There is typically an association between the genotype and HCV transmission route. Based on some previous reports from Iran, genotype 1a is predominant in groups receiving blood transfusion (31, 32). Most studies show that variants of genotype 3a is epidemic in drug injecting users (35), which is confirmed in our study. In the present study, no significant relationship was found between injection drug use and genotype, due to the small sample size.
In 9% of patients, no risk factor was found for disease transmission that can support secondary and unexpected ways neglected by patients, such as piercing ears or using common tools like nail clippers and tweezers.
In 16.6% of cases, the genotype was not identified possibly due to unusual genotypes, as our kit just detects four common genotypes while there are 6 major genotypes.
Since the main method of HCV transmission is intravenous drugs and the prison environment is very suitable for development of an epidemic, disease prevention strategies should be scheduled with a greater emphasis on this particular group of patients.

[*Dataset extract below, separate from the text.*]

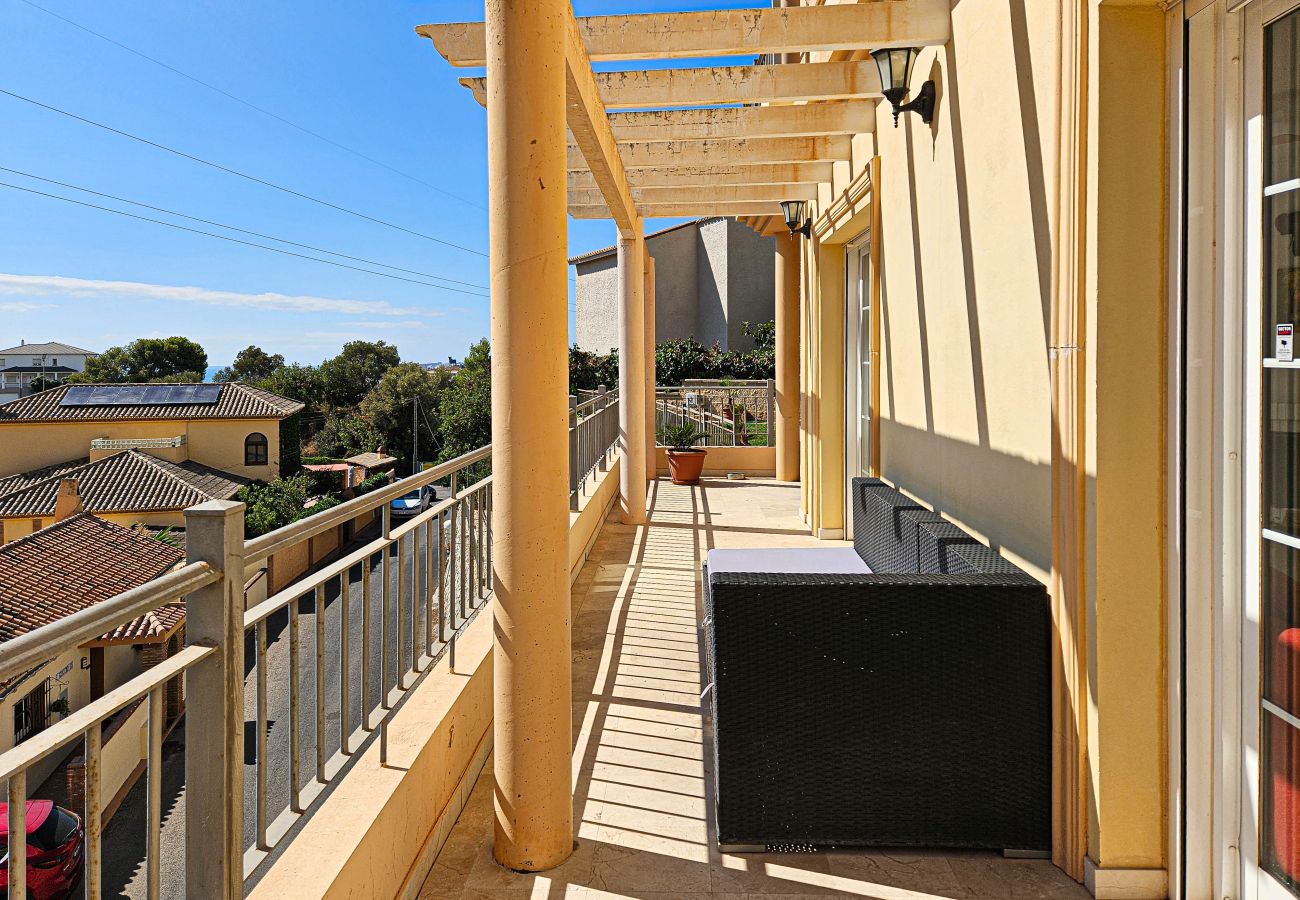 Villa in Fuengirola - Villa Eva with private pool in Torreblanca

The present study has a few limitations that might affect our results. A retrospective study might suffer from sampling bias; the prisoners’ screening for Anti-HCV might not have covered all the prison population due to the flexibility of the prison population. On the other hand, the male prisoners’ population is more than females, which causes the lack of generalizability of the results.
Additional studies in this area could help in predicting genotype frequency and distribution in the Iranian prisoners.
This study showed that the predominant genotype in prisoners is genotype 3a, which adds to the evidence of the predominant genotype in Iran. The genotype of injecting drugs in prisoners is different to other groups infected with hepatitis C in Iran. More studies are needed to prove the specific genotype in injecting drug users with larger sample sizes.